Is the subset $T=\{(x,y):x\notin \mathbb{Q} \text{ or } y \notin \mathbb{Q}\}$ connected?

Question

Consider the subset of $\mathbb{R}^2$: $$T=\{(x,y):x\notin \mathbb{Q} \text{ or } y \notin \mathbb{Q}\}$$

Is $T$ open, closed, compact, connected (under the standard Euclidean topology)?

First, $cl(T)=\mathbb{R}^2$ and hence $T$ is not closed.

Then since $\mathbb{Q}$ is dense in $\mathbb{R}$, it's not possible to find an open neighborhood $U$ of $(x,y)\in T$ such that $U\subset T$. Hence $T$ is not open.

Consider the open cover $\{B(x,1)\cap T: x\notin \mathbb{Q}\}$, which is the union of open balls centered at irrational $x$ with radius $1$. Then $T$ is not compact.

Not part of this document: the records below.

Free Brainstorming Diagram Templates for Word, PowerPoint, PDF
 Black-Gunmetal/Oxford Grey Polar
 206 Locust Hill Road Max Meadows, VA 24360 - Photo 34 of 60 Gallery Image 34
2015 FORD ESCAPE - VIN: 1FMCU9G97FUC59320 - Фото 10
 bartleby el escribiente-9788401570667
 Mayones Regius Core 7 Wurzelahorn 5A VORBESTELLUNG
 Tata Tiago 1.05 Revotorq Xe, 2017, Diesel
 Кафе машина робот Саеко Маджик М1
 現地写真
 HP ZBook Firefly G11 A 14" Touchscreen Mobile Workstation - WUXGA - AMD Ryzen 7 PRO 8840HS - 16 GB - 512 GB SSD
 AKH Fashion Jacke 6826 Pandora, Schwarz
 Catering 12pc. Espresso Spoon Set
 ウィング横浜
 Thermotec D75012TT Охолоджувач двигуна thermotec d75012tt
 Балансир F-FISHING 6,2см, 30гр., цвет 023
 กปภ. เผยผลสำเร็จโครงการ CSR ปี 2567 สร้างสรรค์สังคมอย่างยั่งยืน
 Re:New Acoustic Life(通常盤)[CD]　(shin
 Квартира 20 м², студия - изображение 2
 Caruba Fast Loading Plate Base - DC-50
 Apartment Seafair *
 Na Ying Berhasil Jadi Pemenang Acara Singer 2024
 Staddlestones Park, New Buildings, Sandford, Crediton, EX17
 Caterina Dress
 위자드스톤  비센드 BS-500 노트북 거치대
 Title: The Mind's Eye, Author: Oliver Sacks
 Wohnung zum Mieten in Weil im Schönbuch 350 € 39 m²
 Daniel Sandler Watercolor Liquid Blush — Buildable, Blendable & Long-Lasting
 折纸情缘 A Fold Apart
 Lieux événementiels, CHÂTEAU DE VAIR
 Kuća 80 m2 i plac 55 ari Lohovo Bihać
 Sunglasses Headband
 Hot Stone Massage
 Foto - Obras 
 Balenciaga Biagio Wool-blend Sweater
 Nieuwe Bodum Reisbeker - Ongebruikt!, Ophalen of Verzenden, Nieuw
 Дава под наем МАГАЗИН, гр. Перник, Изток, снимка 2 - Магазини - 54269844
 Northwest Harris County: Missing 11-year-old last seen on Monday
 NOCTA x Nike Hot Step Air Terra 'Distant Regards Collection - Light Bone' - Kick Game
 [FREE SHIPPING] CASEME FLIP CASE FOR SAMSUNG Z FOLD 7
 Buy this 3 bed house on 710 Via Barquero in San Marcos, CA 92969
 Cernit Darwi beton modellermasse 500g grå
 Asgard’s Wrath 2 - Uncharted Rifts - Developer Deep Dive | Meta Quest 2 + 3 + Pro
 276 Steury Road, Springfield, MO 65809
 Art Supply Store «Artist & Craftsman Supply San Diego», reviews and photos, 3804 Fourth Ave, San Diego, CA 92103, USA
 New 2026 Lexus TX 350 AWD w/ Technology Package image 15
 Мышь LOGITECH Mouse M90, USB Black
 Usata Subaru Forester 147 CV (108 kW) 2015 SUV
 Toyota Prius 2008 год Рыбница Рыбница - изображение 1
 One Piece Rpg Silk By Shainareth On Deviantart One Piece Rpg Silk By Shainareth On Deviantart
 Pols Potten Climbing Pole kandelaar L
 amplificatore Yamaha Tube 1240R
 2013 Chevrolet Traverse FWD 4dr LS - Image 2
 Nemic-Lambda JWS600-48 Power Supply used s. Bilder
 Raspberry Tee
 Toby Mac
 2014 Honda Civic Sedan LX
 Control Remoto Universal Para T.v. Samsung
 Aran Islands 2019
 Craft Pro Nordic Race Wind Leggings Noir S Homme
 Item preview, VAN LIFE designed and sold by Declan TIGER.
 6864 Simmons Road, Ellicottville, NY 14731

Is $T$ connected? $T$ is the $xy-$plane after deleting all rational points. Hence I think $T$ is more than connected: $T$ is path-connected.

Answer 1

You are right, and in fact an even smaller subset is connected, namely the set of points with two irrational coordinates. For seeing this, consider $x,y$ such points. Then, the set of circles passing through $x$ and $y$ is uncountable : in particular, there is one circle which does not contains any rational coordinate (else this would define an injection $\mathbb R \to A$ with $A \subset \mathbb Q$) and so your space is path-connected.